━━ Task input
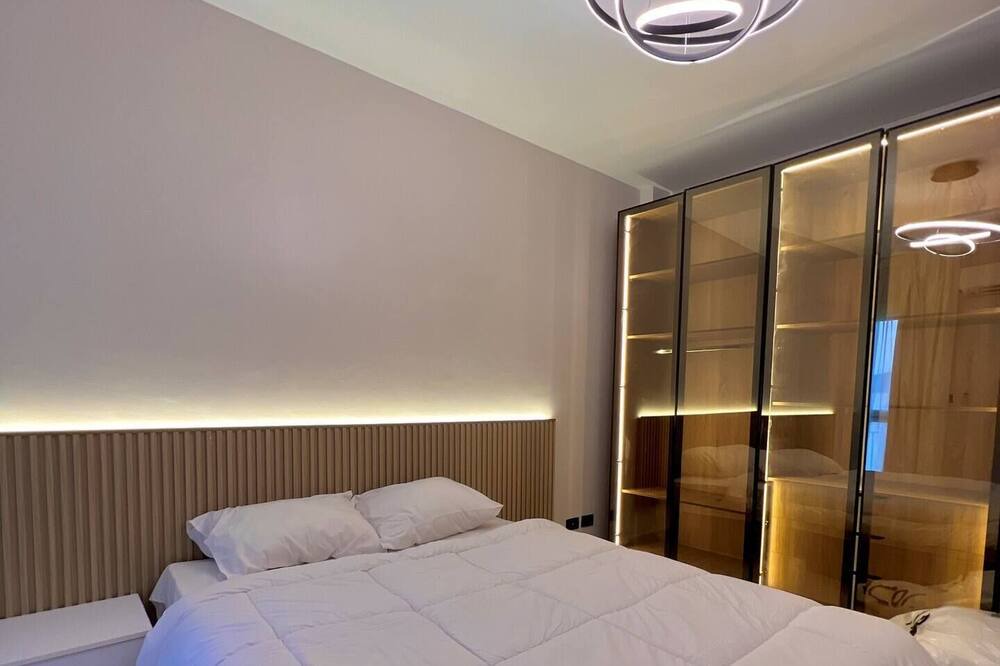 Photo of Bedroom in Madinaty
━━━━
━━ Task input
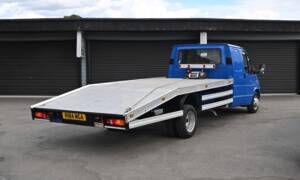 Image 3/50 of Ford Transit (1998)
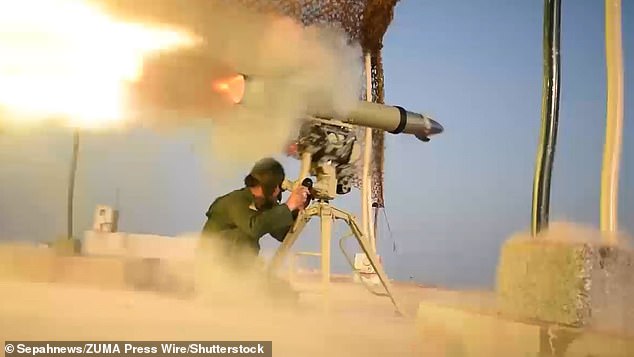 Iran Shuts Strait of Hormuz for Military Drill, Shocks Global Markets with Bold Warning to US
━━━━
* Task item
In the listing above, find the line containing "Image 3/50 of Ford Transit (1998)". Output it and every line after it up to and including the line containing "Iran Shuts Strait", exactly, but skip the pictures.

* Solution
 Image 3/50 of Ford Transit (1998)
 Iran Shuts Strait of Hormuz for Military Drill, Shocks Global Markets with Bold Warning to US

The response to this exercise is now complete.